▶ _PROBLEM TO WORK ON_
Copy exactly, please, each line of the data below until the line that contains "Female oculist doctor" has been copied, beginning at the top.

________

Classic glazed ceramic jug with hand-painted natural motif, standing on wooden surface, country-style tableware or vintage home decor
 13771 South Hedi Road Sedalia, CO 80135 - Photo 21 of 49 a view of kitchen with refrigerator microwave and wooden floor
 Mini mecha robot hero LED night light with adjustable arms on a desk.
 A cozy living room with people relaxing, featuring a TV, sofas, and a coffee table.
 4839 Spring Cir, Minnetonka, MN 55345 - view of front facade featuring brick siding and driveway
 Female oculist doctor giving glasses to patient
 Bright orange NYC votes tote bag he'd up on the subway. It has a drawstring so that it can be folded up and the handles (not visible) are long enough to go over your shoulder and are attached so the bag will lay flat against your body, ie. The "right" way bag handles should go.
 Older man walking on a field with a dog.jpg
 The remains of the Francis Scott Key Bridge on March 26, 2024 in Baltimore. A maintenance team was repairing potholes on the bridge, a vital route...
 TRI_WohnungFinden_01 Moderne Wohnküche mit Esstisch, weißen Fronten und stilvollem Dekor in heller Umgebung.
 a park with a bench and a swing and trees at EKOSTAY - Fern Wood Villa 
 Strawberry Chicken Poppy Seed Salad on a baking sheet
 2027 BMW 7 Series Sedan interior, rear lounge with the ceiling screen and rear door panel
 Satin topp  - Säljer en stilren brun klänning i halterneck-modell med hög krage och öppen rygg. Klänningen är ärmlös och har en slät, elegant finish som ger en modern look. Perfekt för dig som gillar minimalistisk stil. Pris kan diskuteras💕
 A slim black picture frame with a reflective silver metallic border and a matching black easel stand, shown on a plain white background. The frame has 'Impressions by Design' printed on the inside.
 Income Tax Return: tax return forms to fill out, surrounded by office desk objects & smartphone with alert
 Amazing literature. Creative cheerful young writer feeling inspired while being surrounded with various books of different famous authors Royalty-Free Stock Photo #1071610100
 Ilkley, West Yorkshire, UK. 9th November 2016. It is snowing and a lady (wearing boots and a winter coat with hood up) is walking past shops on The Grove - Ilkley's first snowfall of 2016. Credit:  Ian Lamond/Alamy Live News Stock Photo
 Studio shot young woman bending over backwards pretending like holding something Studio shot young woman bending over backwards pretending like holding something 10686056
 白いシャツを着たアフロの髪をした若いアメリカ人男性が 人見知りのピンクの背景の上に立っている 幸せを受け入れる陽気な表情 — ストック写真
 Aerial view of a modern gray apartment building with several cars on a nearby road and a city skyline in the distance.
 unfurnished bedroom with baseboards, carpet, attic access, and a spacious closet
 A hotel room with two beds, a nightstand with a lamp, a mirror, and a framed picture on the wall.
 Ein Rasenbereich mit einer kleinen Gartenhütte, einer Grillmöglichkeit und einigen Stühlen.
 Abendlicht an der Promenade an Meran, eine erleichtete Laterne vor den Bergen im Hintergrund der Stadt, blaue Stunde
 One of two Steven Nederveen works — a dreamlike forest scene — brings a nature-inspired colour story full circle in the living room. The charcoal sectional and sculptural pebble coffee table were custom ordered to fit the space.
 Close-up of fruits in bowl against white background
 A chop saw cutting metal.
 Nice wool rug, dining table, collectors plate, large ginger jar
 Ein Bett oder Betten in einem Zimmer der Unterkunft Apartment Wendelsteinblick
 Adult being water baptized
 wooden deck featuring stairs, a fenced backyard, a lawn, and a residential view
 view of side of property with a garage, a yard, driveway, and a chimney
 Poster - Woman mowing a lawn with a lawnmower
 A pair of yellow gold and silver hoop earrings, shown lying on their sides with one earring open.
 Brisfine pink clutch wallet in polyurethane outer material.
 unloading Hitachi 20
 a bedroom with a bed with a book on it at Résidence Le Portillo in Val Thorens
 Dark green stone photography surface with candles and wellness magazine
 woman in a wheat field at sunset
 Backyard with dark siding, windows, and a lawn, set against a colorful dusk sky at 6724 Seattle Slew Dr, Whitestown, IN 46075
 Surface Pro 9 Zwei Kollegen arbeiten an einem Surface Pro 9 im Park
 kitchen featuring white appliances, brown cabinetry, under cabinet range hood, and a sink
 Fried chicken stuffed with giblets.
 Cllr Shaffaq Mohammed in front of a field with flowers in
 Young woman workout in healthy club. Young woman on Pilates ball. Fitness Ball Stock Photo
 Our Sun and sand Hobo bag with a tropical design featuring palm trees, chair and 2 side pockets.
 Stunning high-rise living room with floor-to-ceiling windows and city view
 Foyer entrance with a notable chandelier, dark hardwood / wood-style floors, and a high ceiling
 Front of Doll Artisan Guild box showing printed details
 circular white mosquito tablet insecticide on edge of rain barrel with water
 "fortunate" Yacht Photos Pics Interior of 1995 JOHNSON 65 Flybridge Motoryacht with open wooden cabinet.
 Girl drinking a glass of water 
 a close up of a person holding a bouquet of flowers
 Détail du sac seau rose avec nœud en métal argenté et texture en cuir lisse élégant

________

▶ _OUTPUT FOR THIS TASK_
Classic glazed ceramic jug with hand-painted natural motif, standing on wooden surface, country-style tableware or vintage home decor
 13771 South Hedi Road Sedalia, CO 80135 - Photo 21 of 49 a view of kitchen with refrigerator microwave and wooden floor
 Mini mecha robot hero LED night light with adjustable arms on a desk.
 A cozy living room with people relaxing, featuring a TV, sofas, and a coffee table.
 4839 Spring Cir, Minnetonka, MN 55345 - view of front facade featuring brick siding and driveway
 Female oculist doctor giving glasses to patient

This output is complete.